** Problem details **
Nothing but the lines from the start of the data through the line with "Eine homophobe Demonstrantin" should appear in the answer, each retyped exactly, and pictures should not.

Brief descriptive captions
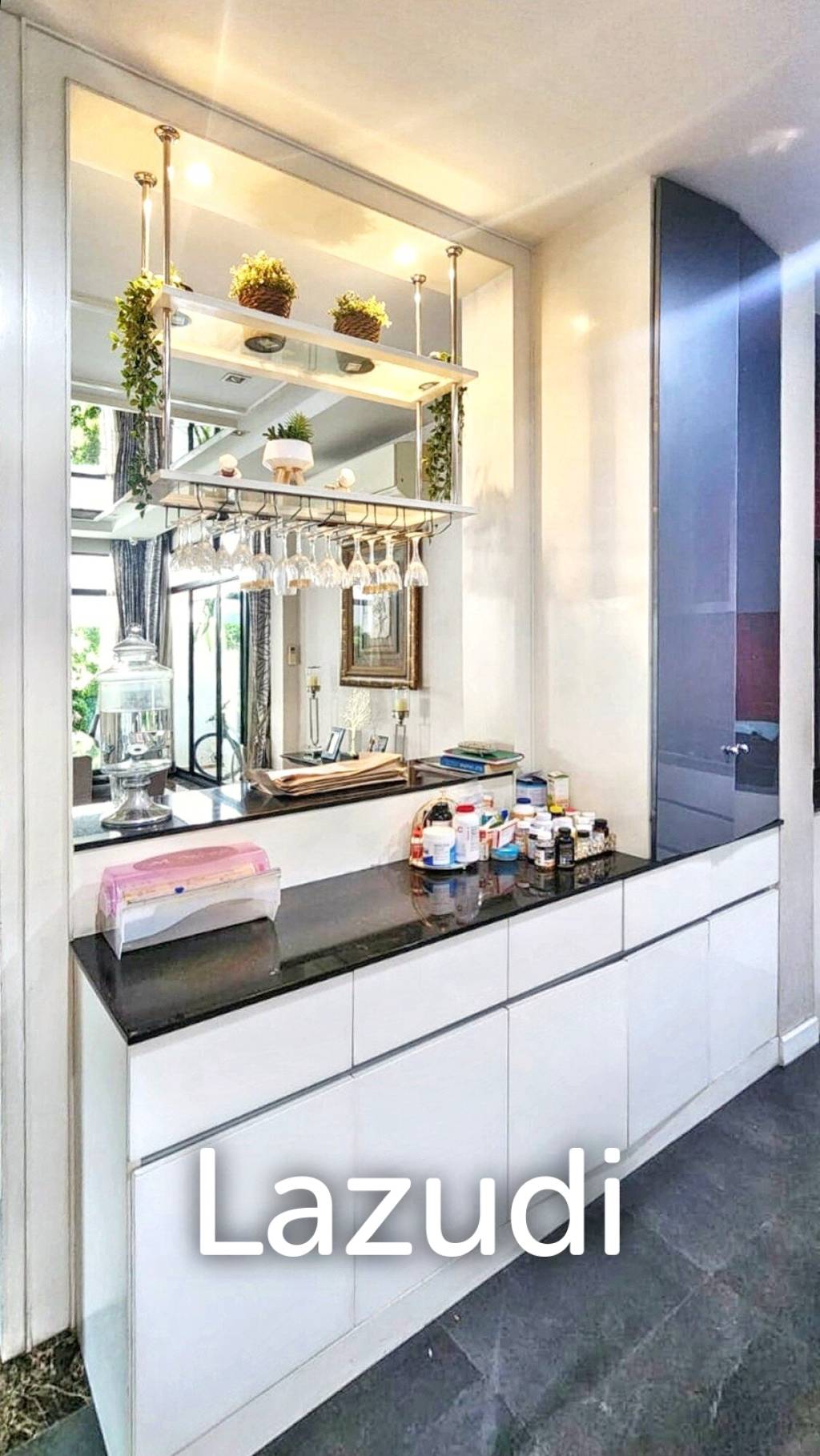 Family-Friendly Villa at Sukhumvit, Phrom Pong, Bangkok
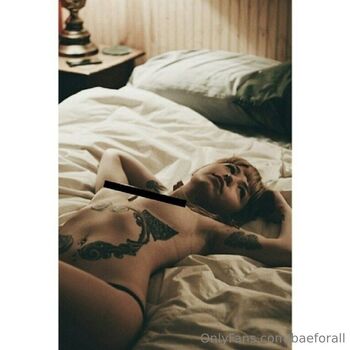 Teenage Bae - New / baeforall nude photo #5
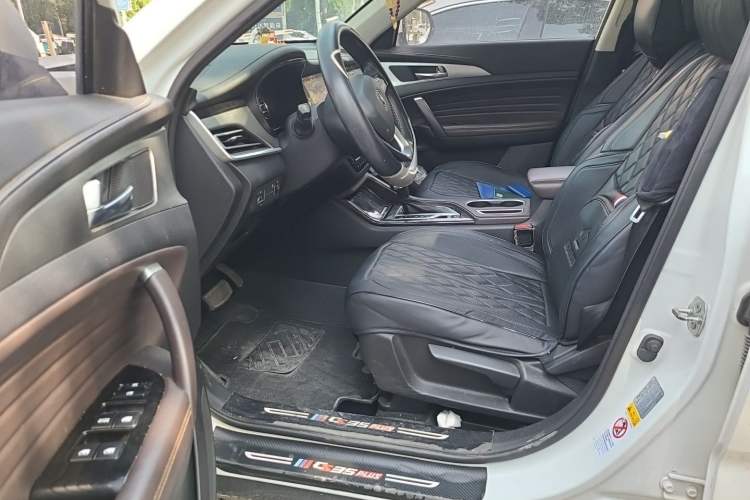 Used CHANGAN CS35PLUS 2018 1.6L Automatic Changlian Edition China V Standard Driver Seat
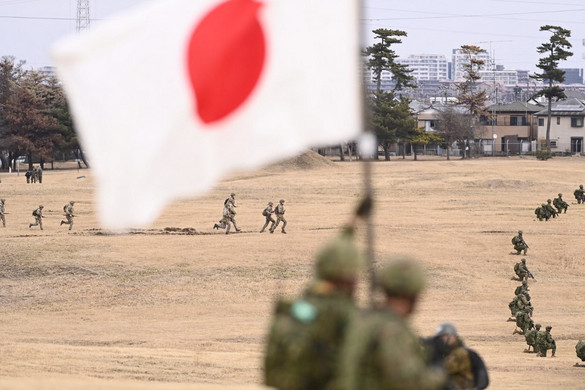Búcsú a pacifizmustól? Japán újra fegyverkezik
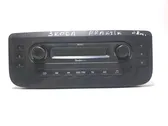 Radio/CD/DVD/GPS head unit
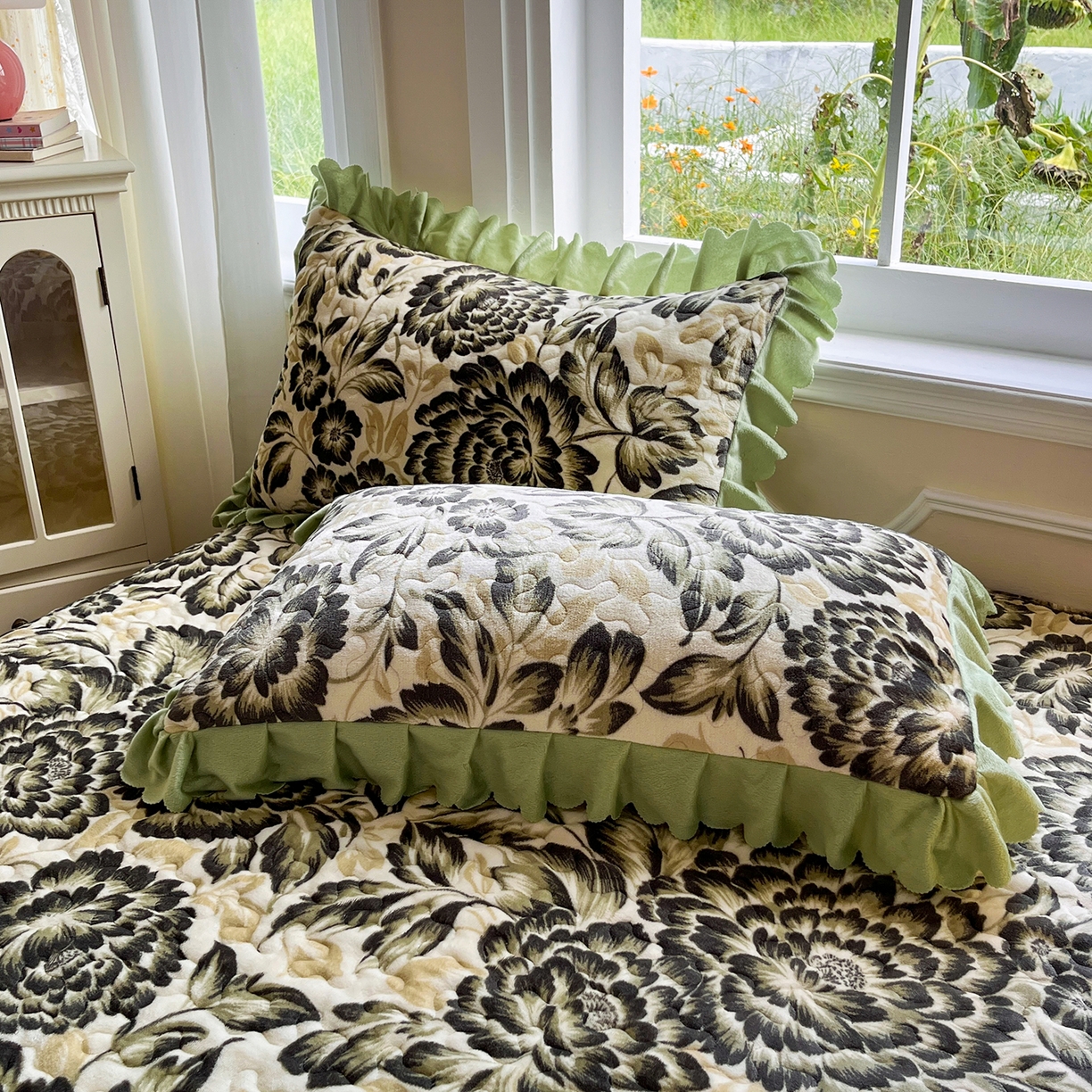 91家纺网 家纺一手货源 找家纺 提花大世界 2025新款爆款高克重牛奶绒印花夹棉蕾丝花边床盖床裙单件三件四件套 丝洛繁花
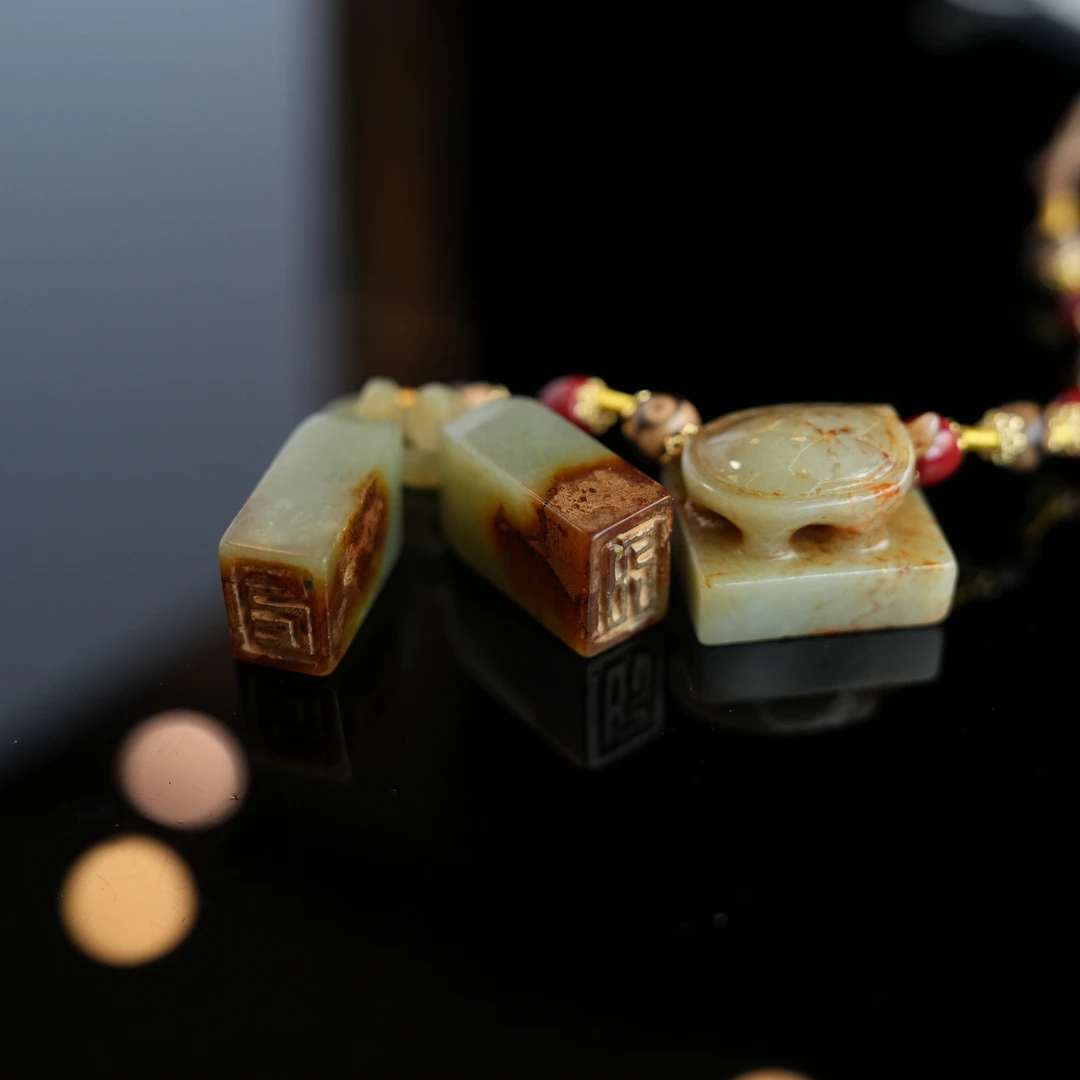 【南宫秀｜文物商店】20世纪前期和田玉挂件印章押襟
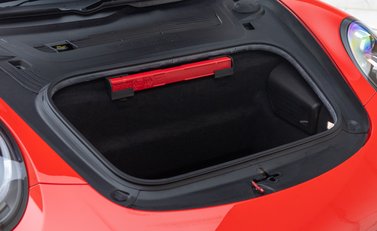 Porsche 911 Carrera 4 GTS (991.2) 50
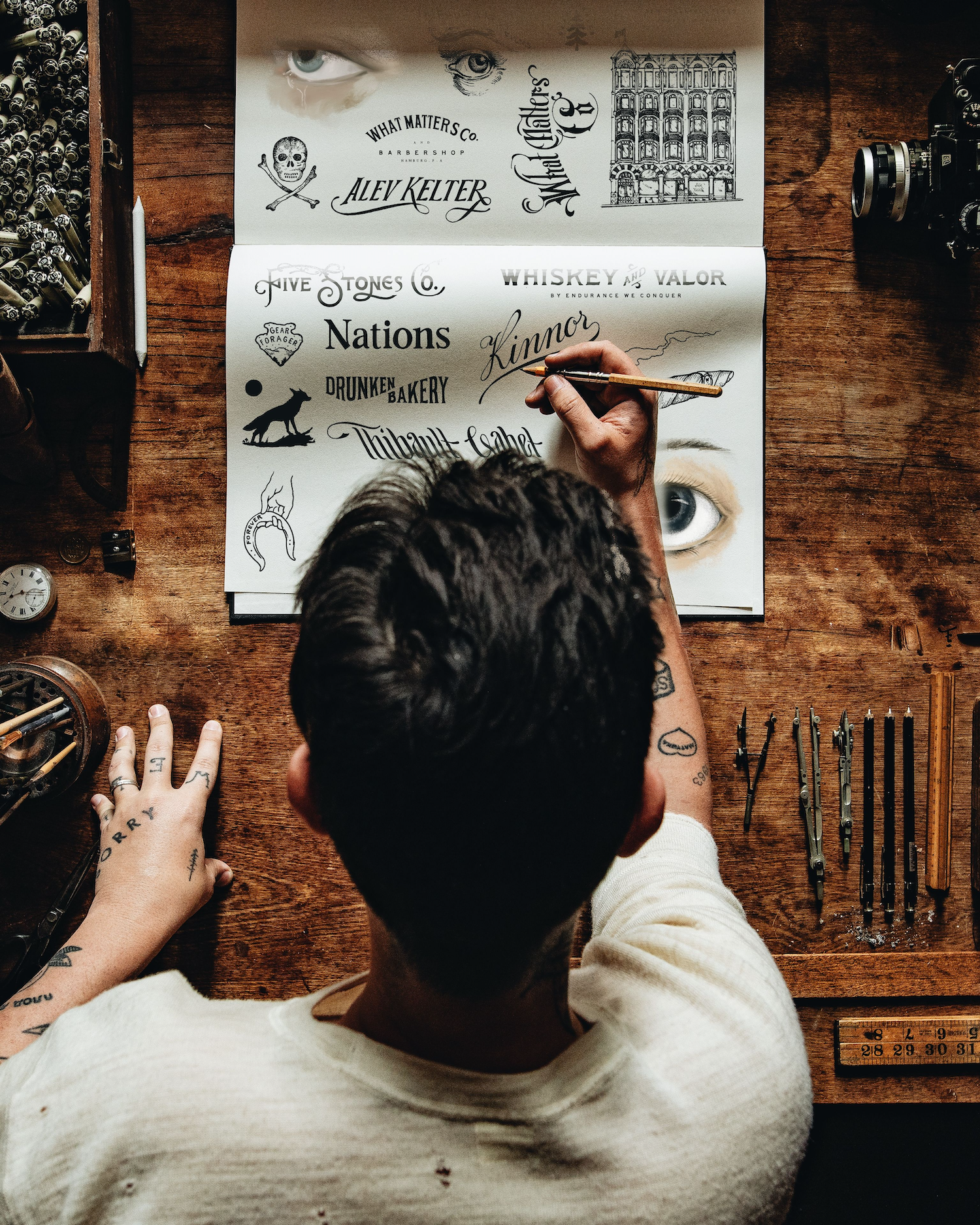 Gestalten Eu Shop-Venture Onward-Book-Black-Deal-Outlet-by-ARCHIVIST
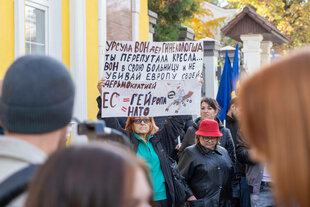 Eine homophobe Demonstrantin in Chișinău/Moldau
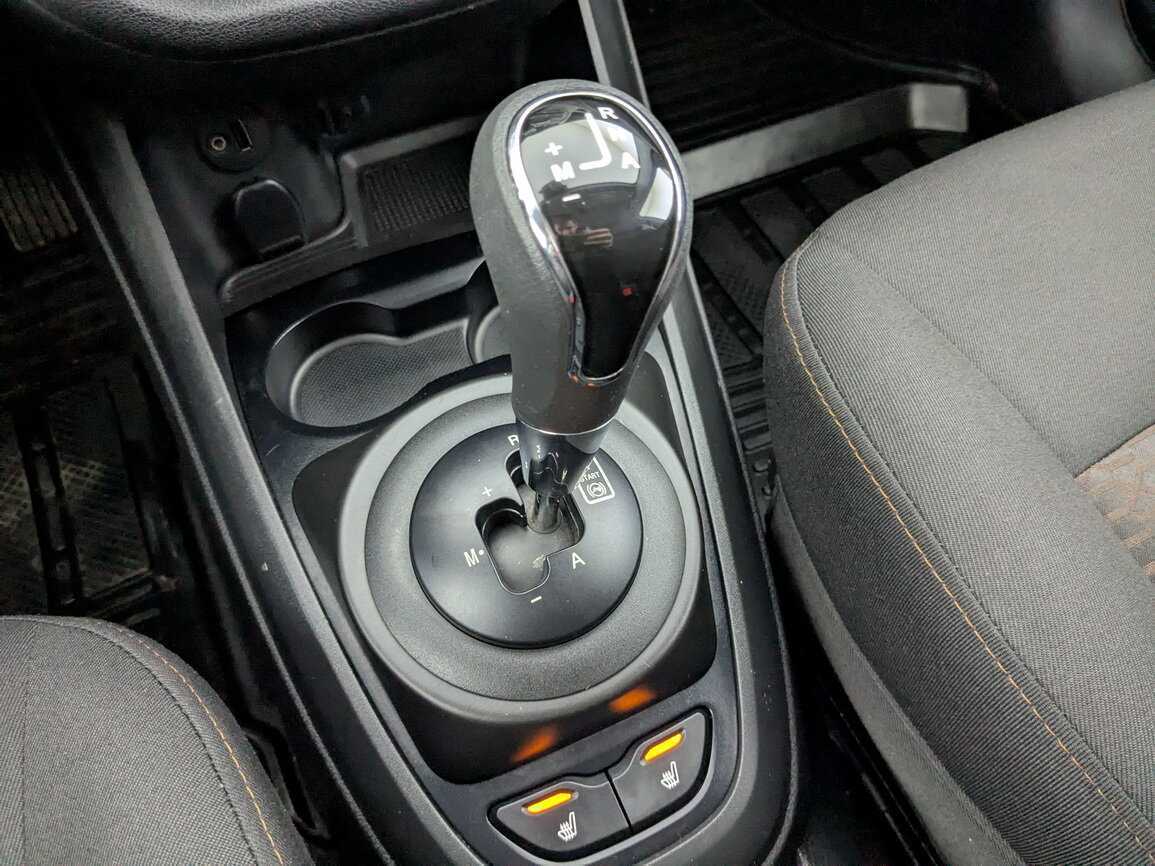 Lada (ВАЗ) Vesta с пробегом — 2016 год. Фото: #25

** Answer space **
 Family-Friendly Villa at Sukhumvit, Phrom Pong, Bangkok
 Teenage Bae - New / baeforall nude photo #5
 Used CHANGAN CS35PLUS 2018 1.6L Automatic Changlian Edition China V Standard Driver Seat
Búcsú a pacifizmustól? Japán újra fegyverkezik
 Radio/CD/DVD/GPS head unit
 91家纺网 家纺一手货源 找家纺 提花大世界 2025新款爆款高克重牛奶绒印花夹棉蕾丝花边床盖床裙单件三件四件套 丝洛繁花
 【南宫秀｜文物商店】20世纪前期和田玉挂件印章押襟
 Porsche 911 Carrera 4 GTS (991.2) 50
 Gestalten Eu Shop-Venture Onward-Book-Black-Deal-Outlet-by-ARCHIVIST
 Eine homophobe Demonstrantin in Chișinău/Moldau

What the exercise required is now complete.